Résumons. La conscience, après avoir expérimenté, peut affirmer l’existence de trois faits : le moi ou l’individu, le non-moi ou la nature, et la loi de ces deux termes, qui est l’infini, l’absolu, la vérité immatérielle et nécessaire. Maintenant, quelles facultés intellectuelles ont été mises en jeu pour arriver à la connaissance de ces trois élémens ? L’éclectisme, en vertu de son omnipotence, emprunte à Locke et à ses disciples français une faculté passive, la sensibilité ; aux écoles écossaise et allemande, une faculté active, la volonté.
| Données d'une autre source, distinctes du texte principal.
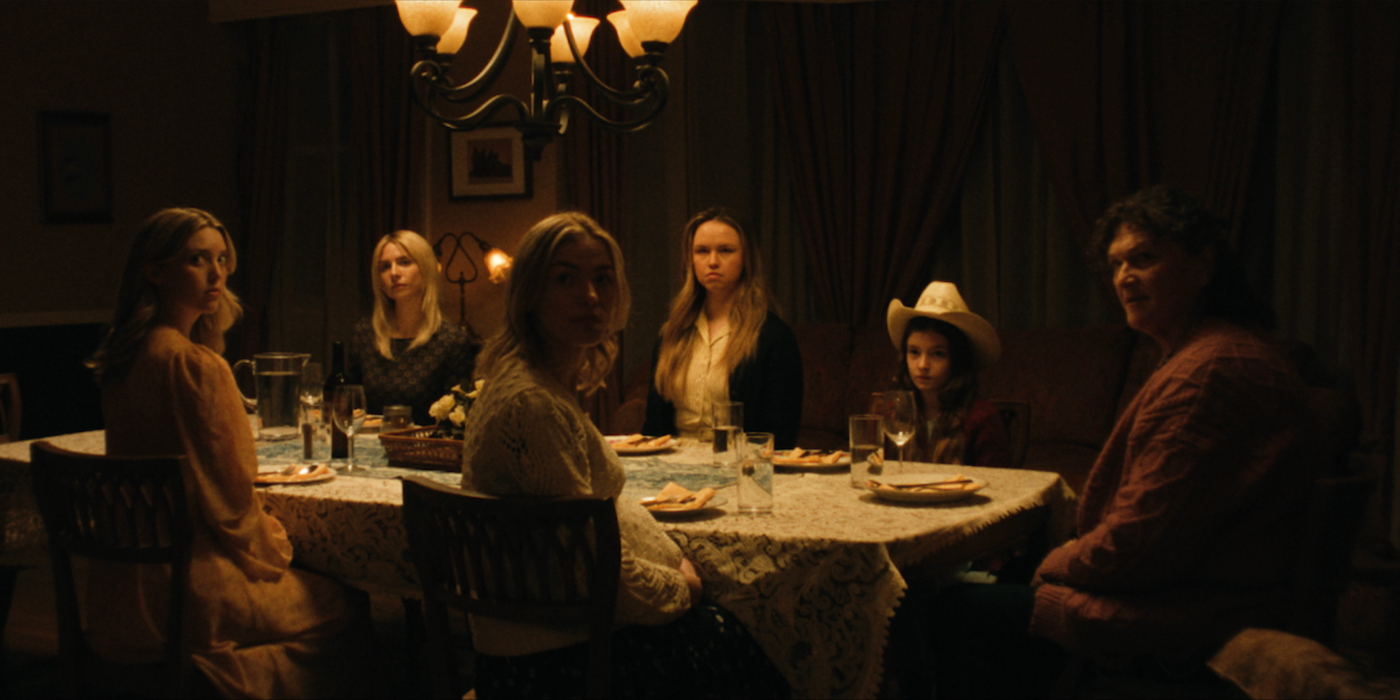 ‘Breeder’ muda estreia para 28 de outubro e encosta no Halloween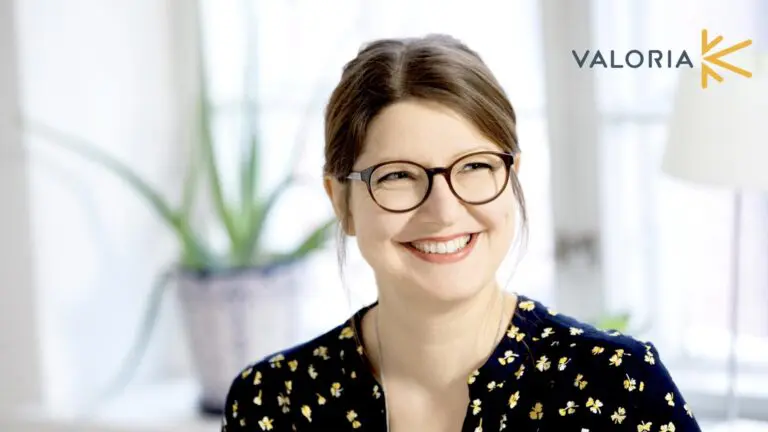 valoria-ctpori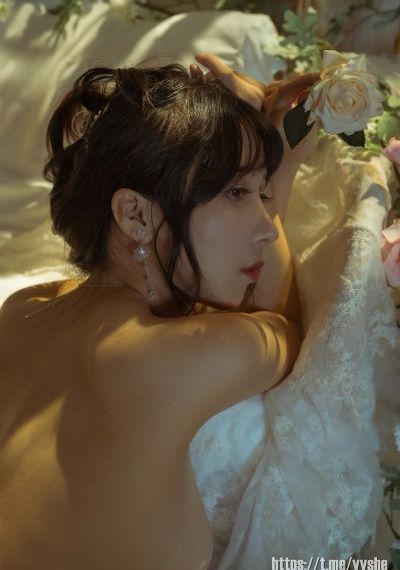 夫妻电视剧免费观看全集高清_HD电影在线看
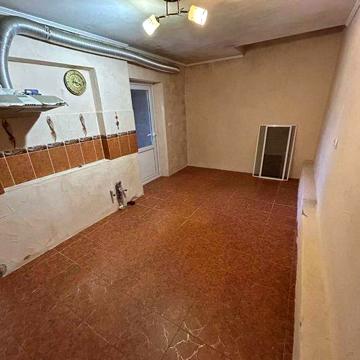 Продам срочно часть дома в начале Кишиневской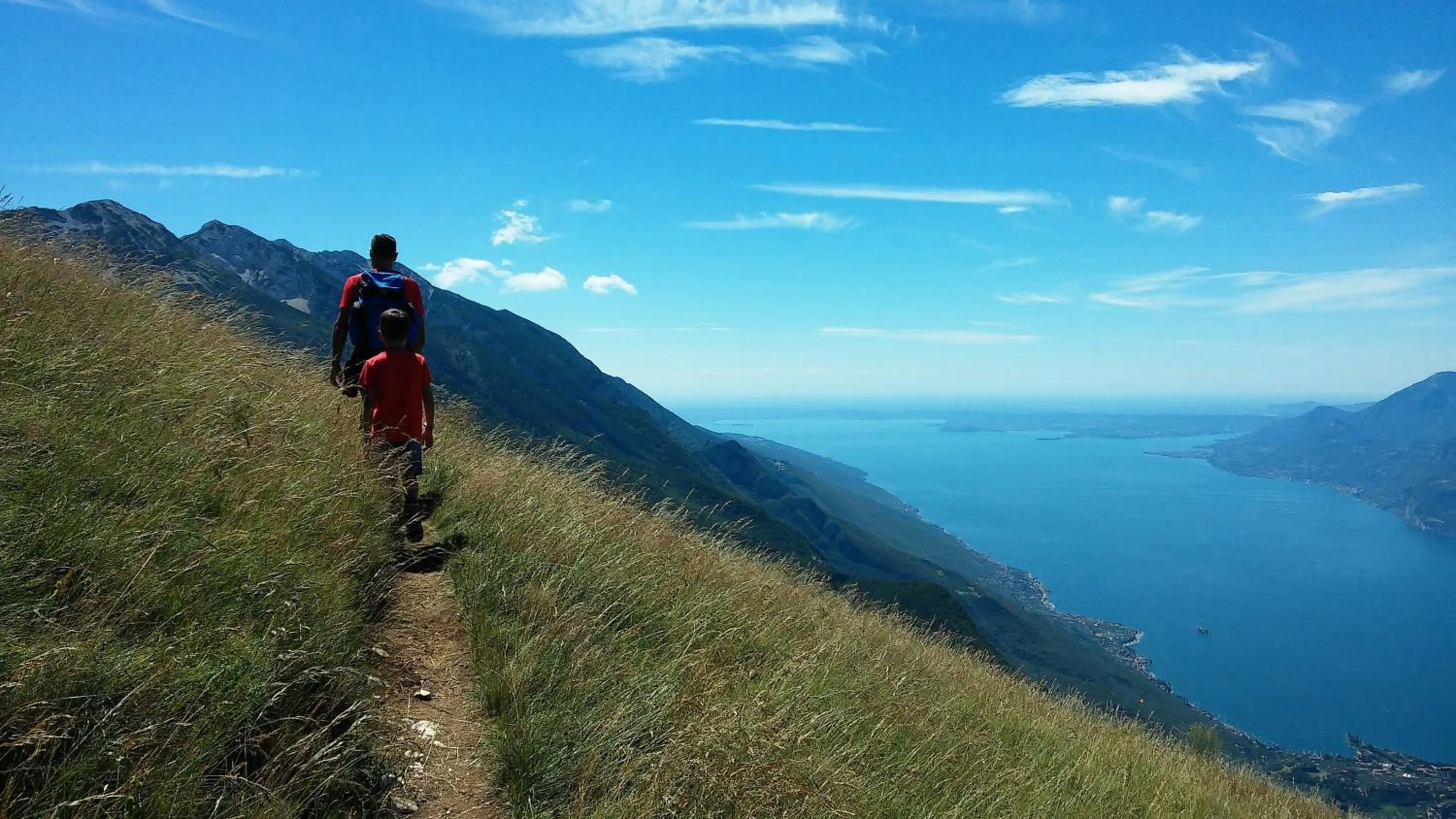 Nearby landmark in Borgo Romantico Green Relais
Puis, avançant que ces facultés sont impuissantes pour arriver à la notion de l’absolu, il déclare (pag. 16 et 55) « qu’il existe un troisième élément qui n’a pas encore été suffisamment analysé ni décrit, la raison, prise, non comme faculté, mais comme règle de nos jugemens, raison impersonnelle, qui n’est ni l’image du monde sensible, ni l’œuvre de la volonté, mais, pour ainsi dire, le reflet de la vérité dans l’individu. »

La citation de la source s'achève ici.